When a character inevitably rolls a natural 1, imposing penalties (such as damaging themselves) doesn’t really make sense. Their main skill is strength, they are weapon-wielders, and as such have the experience and previous knowledge to avoid hurting themselves unless they are under the influence of poison or magic. However, it’s the same when it comes to DMs rewarding natural 20s with instant success. Why? Well, let’s take the Fighter example further…
Let’s say the DM asks the party to roll an Arcana check in order to detect magic. In this scenario, the Fighter has an intelligence of 0. If the Fighter then rolls a 20, it does not make sense that they would get an instant success. Nor does it mean that they now suddenly know magic or can sense it. It cheapens the skills of magic-using characters, can ruin the immersion and ultimately, doesn’t make any sense.
#7 – The DM’s way, or the highway
In a way, this rule relates to all others in this list.
Your role as the dungeon master is to act as a guide for players, to further the narrative, create a rich and varied world and give players a satisfying, and at times challenging experience. Enacting the ‘What the DM says is final’ rule can be tempting to pursue, as is deciding things without a dice roll.
But here’s why you should reconsider…
Some players like to be led while others enjoy the illusion of free will. If you deny things to players, whether this is in the rules or not, they’ll lose interest. It’s a risky endeavour.

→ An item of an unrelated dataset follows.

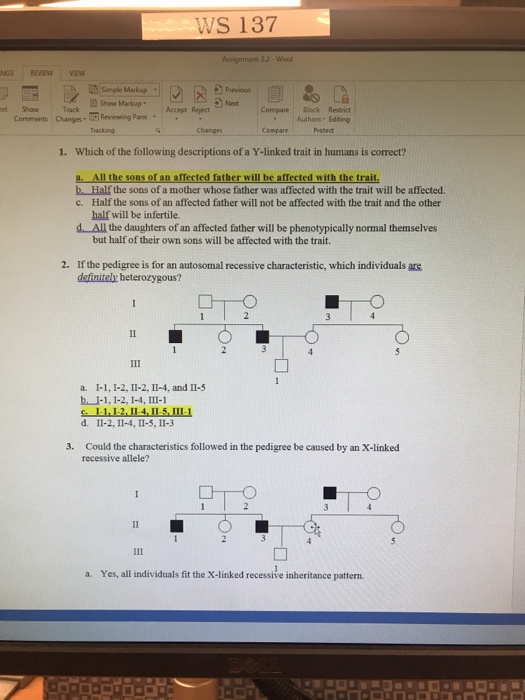 Question: WS 137 simple Markup Comments changes. Reviewing pane 1. Which of the following descriptions of a...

A good DM will listen to feedback and to what their players enjoy. Did you know that many DMs develop the skillset of a good leader, director or manager? It’s true, you can even add the skills you’ve developed as dungeon master on your CV or resume.
Beware of homebrew havoc
If you’re a DM, beware of house rules. Try not to make house rules or dabble in homebrew unless you know exactly what you’re doing. It’s likely you have good intentions and are trying to fix a flaw or hindrance in the OG rules. In which case, go for it! Just make sure it actually fixes what you intend it to without breaking something else. It’s a delicate ecosystem where one small change can end up affecting other things in unexpected and unpredictable ways.